Kejagung Terus Perluas Penyelidikan Korupsi MBG
Kejaksaan Agung berkomitmen untuk terus mengungkap peran-peran yang terlibat dalam korupsi MBG, termasuk yayasan yang dipimpin GHS. New policy yang diterapkan dalam penyelidikan ini juga mencakup peningkatan metode investigasi, seperti penggunaan data digital dan audit internal. Dengan teknik ini, Kejagung berhasil memperoleh bukti bahwa akses ke SPBG yang diberikan oleh Dadan Hindayana tidak hanya untuk keperluan administratif, tetapi juga untuk mengendalikan distribusi makanan bergizi. Selain itu, ditemukan bukti komunikasi antara GHS dengan tim verifikator yang ditunjuk dalam new policy MBG.
“New Policy ini membuka peluang untuk mengungkap transaksi yang semula tersembunyi. Akses ke SPBG yang diizinkan oleh Dadan Hindayana menjadi bukti bahwa korupsi MBG terstruktur dan melibatkan pihak yang berkuasa di tingkat lokal,” jelas Syarief, menyoroti bagaimana new policy berperan dalam memperjelas skema korupsi.

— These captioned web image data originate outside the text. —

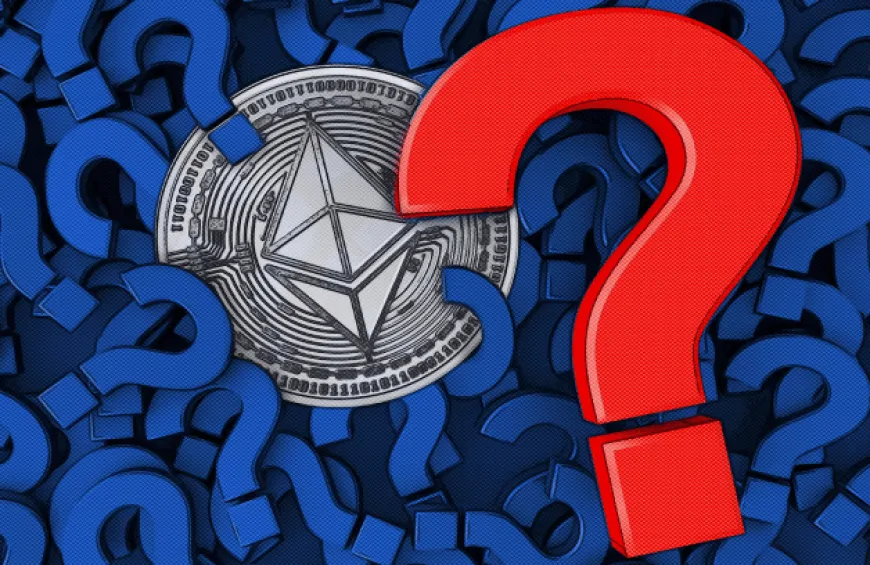 Are Harder Days Ahead for Ethereum? CryptoQuant Analyst Evaluates the Latest Situation: 'It Has Fallen to Bear Market Levels!'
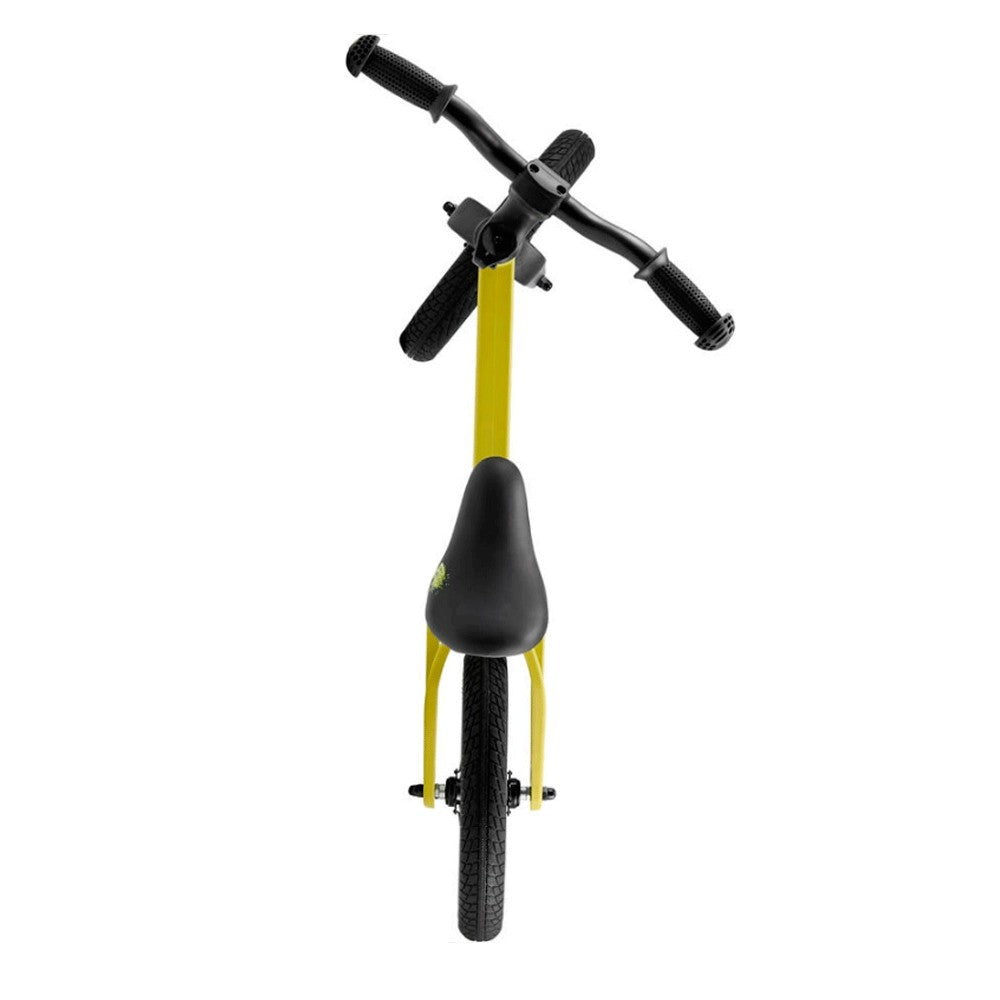 Bicicleta sin pedales Kinderkraft ETER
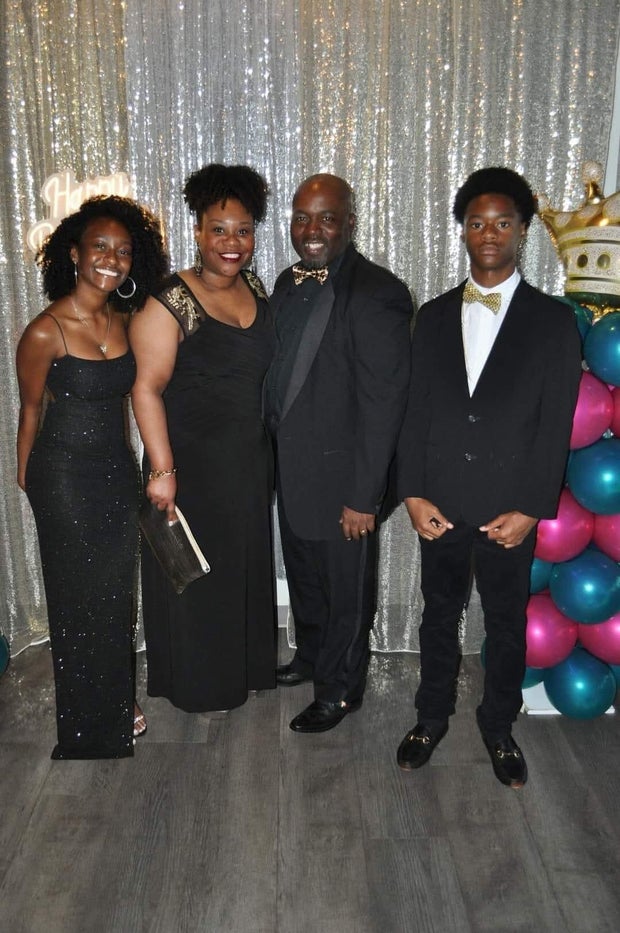 McKellar family 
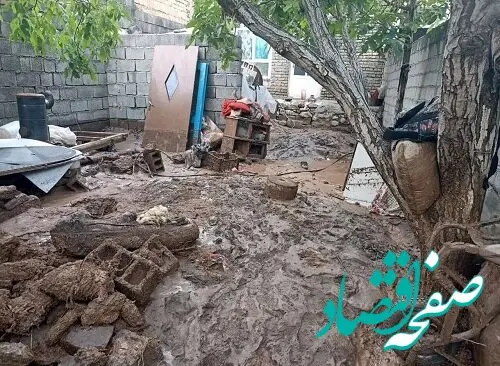 پرداخت ۱۴۳ میلیارد ریال تسهیلات به آسیب دیدگان حوادث غیرمترقبه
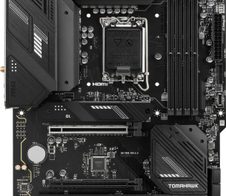 MSI MAG B760 Tomahawk WIFI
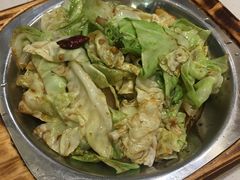 -东北风(江北万达店)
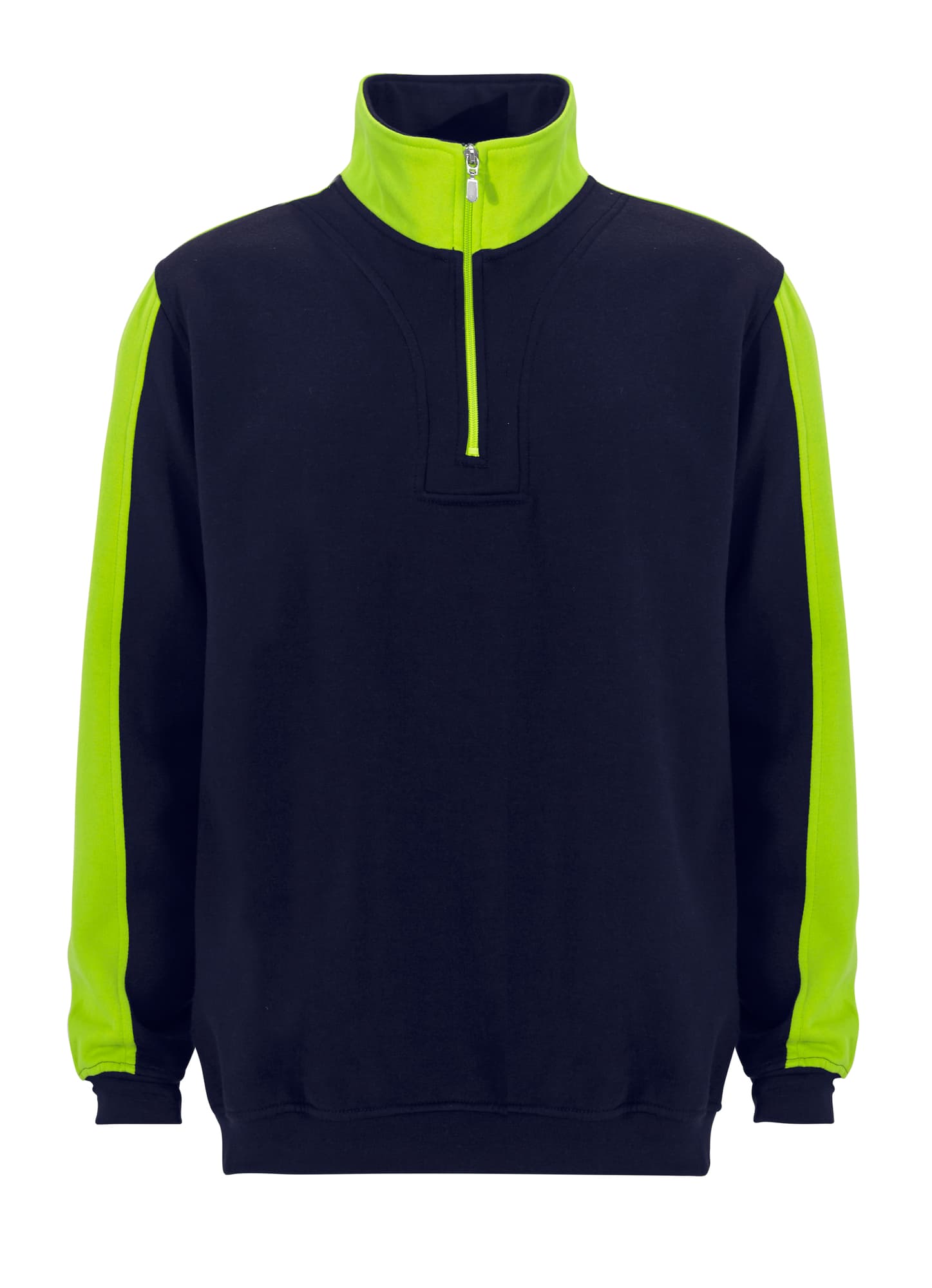 Modena Half Zip – bilde 1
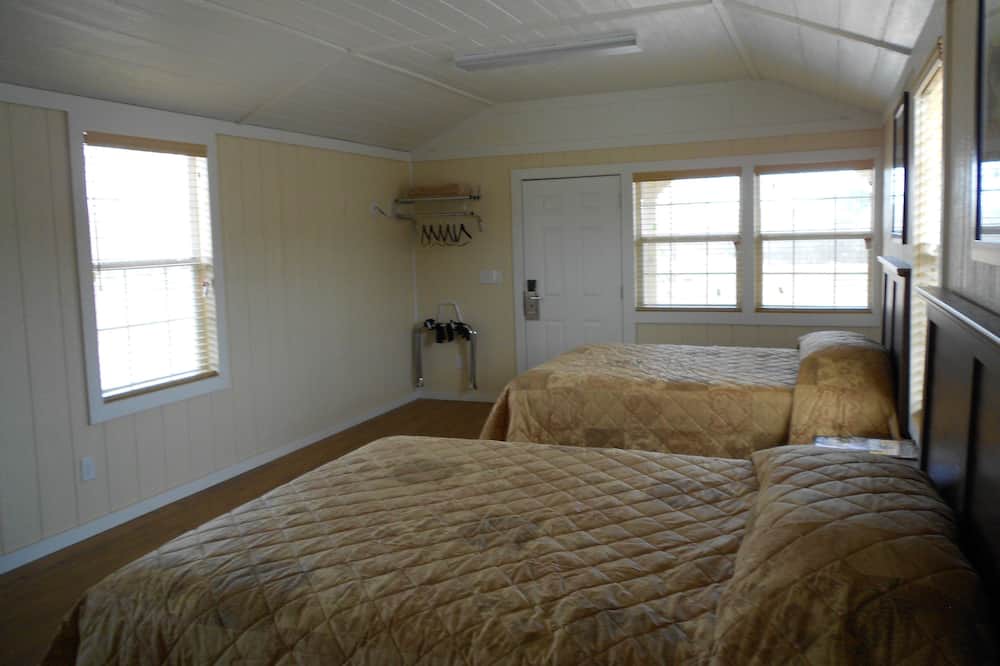 Photo of Bedroom in Negreet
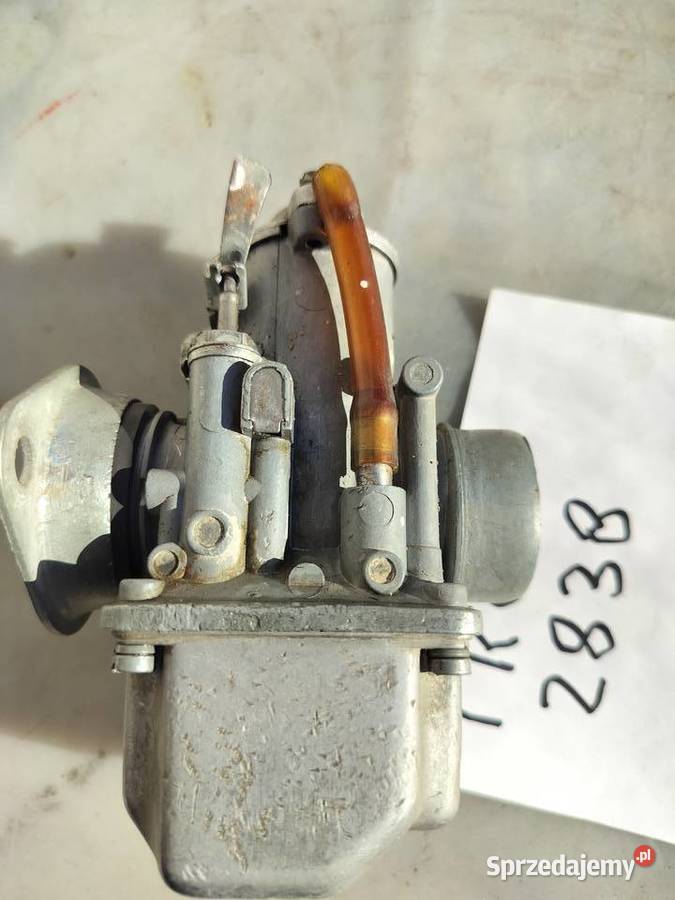 jawa 350 ts gaznik kompletny Kęty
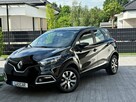 Renault Captur 0.9i 90KM NAVIGACJA Ledy Key Less Go PDC SERWIS z Niemiec OPŁACONY - 3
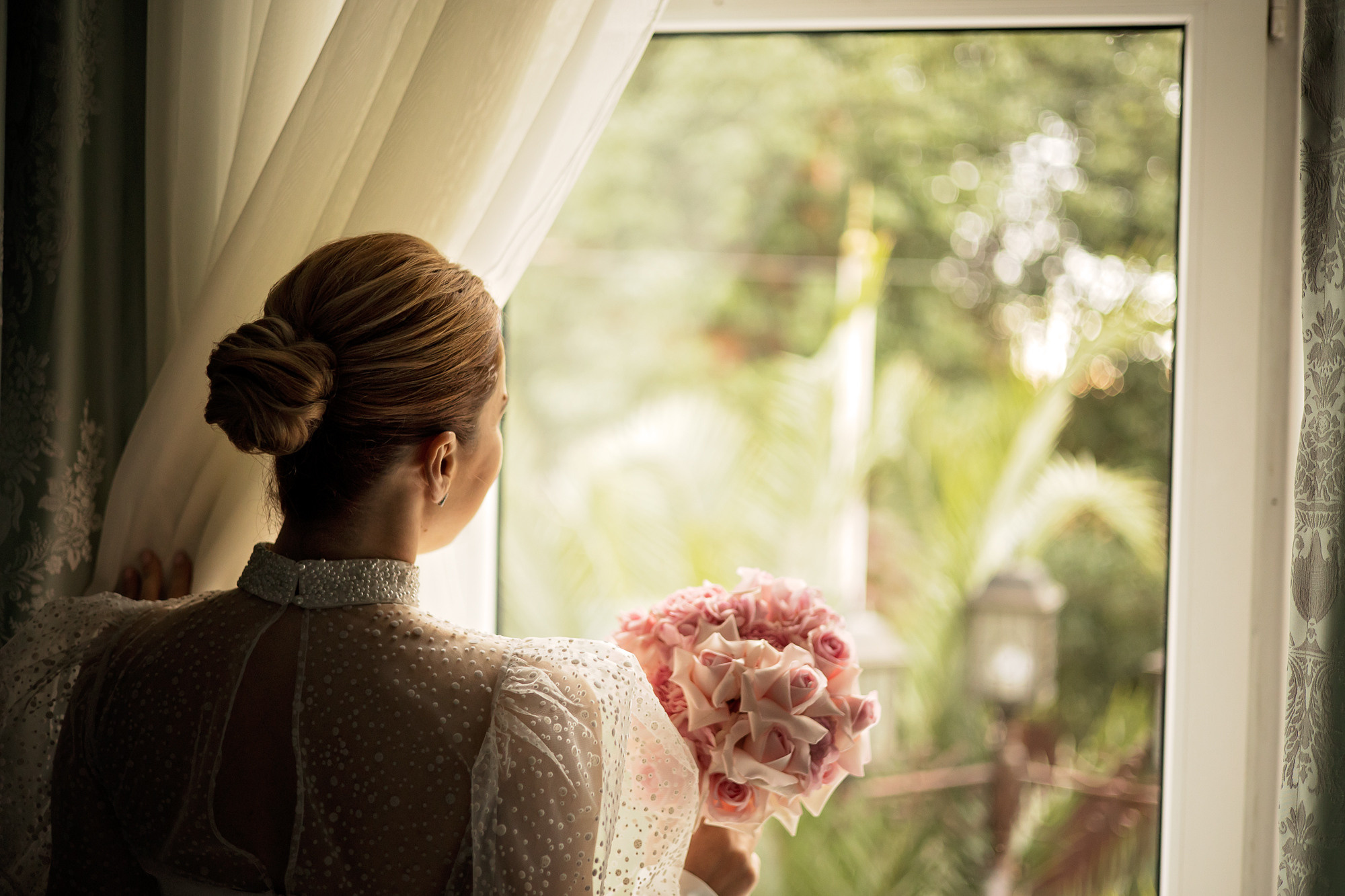 Счастливые минуты. Свадебный и семейный фотограф в Абхазии Эля Цишба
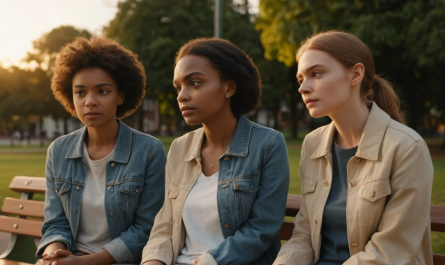 How To Talk To A Friend About Mental Health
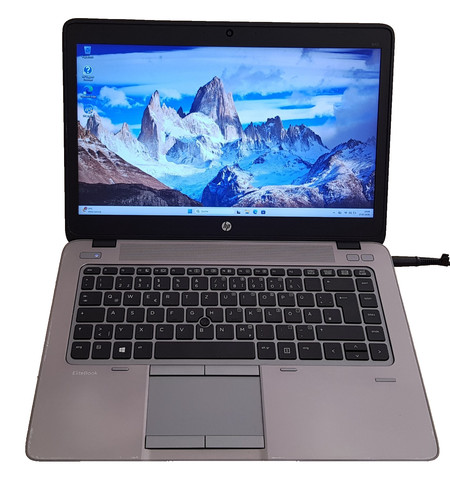 Elitebook 840 hd - 840, 14"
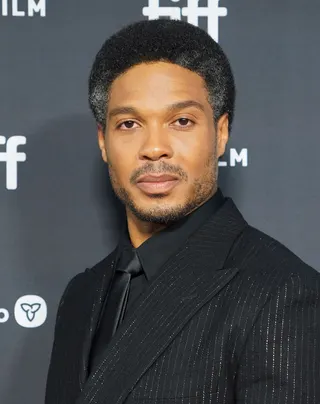 Ray Fisher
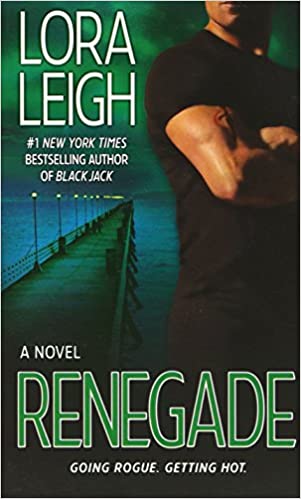 RENEGADE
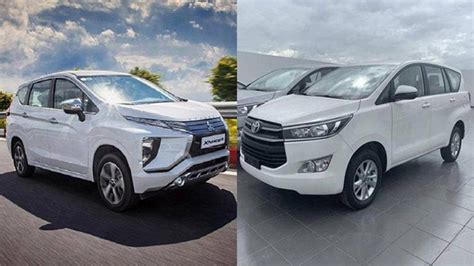 mitsubishi xpander giam gia manh chinh phuc gia dinh viet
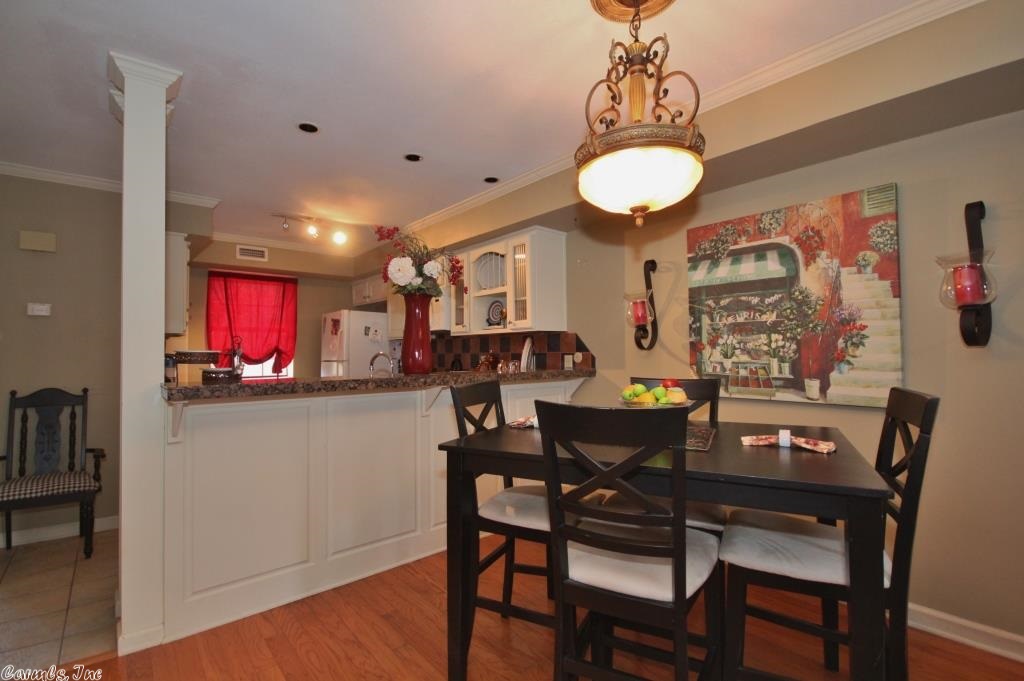 Quarters - Residential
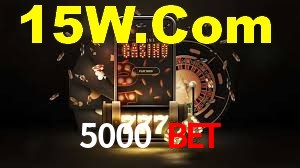 5000 Bet,5000 Bet App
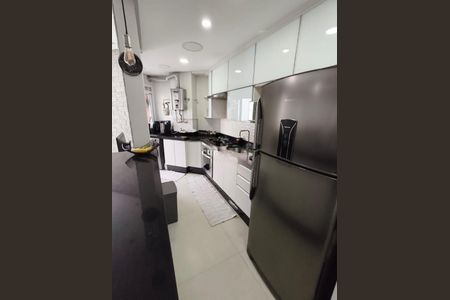 Apartamento à venda com 65m², 3 quartos e 1 vaga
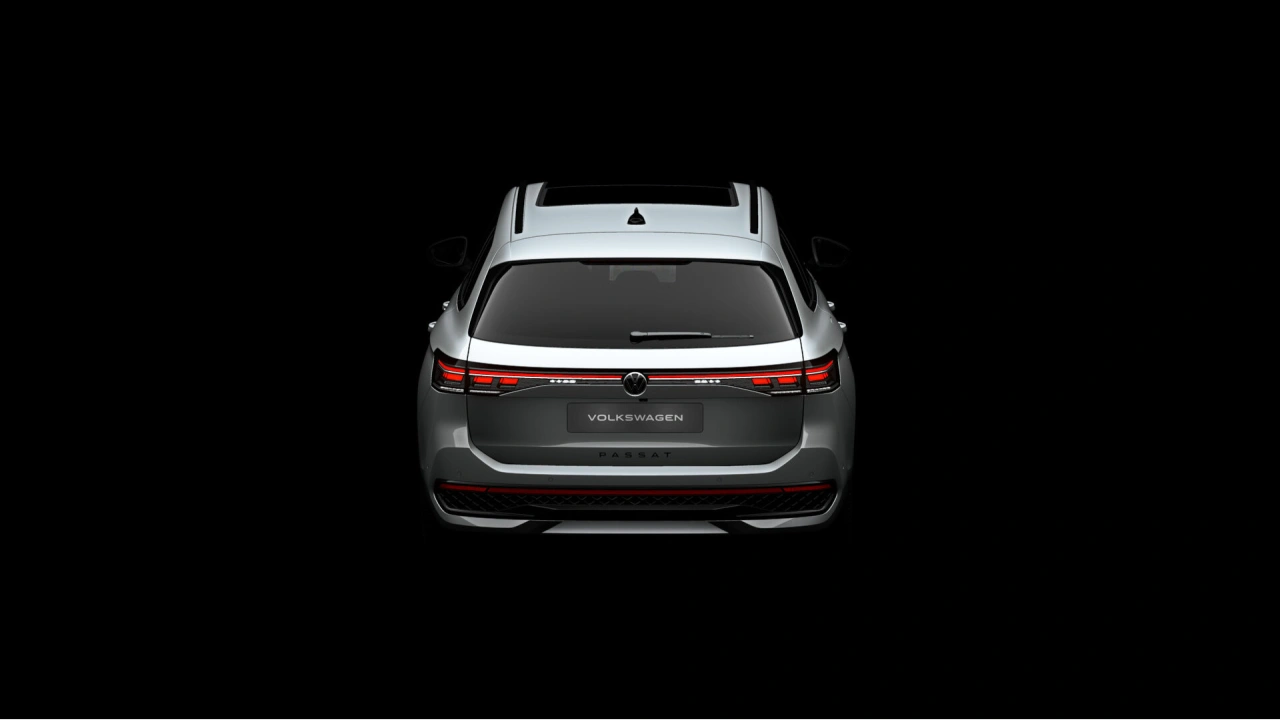 Volkswagen Passat Variant 1.5 eHybrid 204 6DSG R-Line Edition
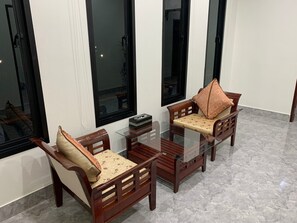 Quarto standard | Wi-Fi de cortesia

Implikasi New Policy pada Program MBG
Proses penyelidikan korupsi MBG membuktikan bahwa new policy Kejagung tidak hanya sebagai alat formal untuk mengawasi program, tetapi juga sebagai sistem yang berperan dalam mengungkap kecurangan. Glory Harimas Sihombing, sebagai ketua yayasan, dianggap memanfaatkan new policy untuk mengambil keuntungan dalam pengelolaan SPBG. Dengan adanya penyidikan ini, Kejagung semakin memperkuat komitmen untuk menegakkan hukum di seluruh tahapan program MBG. New policy juga menjadi landasan untuk meningkatkan kualitas verifikasi dan pengawasan, sehingga transparansi dapat tercapai di semua lini.
Kesimpulan: New Policy Menjadi Pendorong Reformasi
Kasus Glory Harimas Sihombing menunjukkan betapa pentingnya new policy dalam memperbaiki sistem tata kelola program pemerintah. Dengan metode penyidikan yang lebih modern dan komprehensif, Kejagung mampu mengungkap peran korupsi yang selama ini tersembunyi. New policy tidak hanya menjadi alat investigasi, tetapi juga sebagai bagian dari upaya reformasi birokrasi. Penyelidikan ini membuka jalan untuk mengevaluasi kembali kebijakan MBG, serta memastikan bahwa yayasan dan lembaga swadaya yang terlibat dalam program tersebut tetap diawasi secara ketat.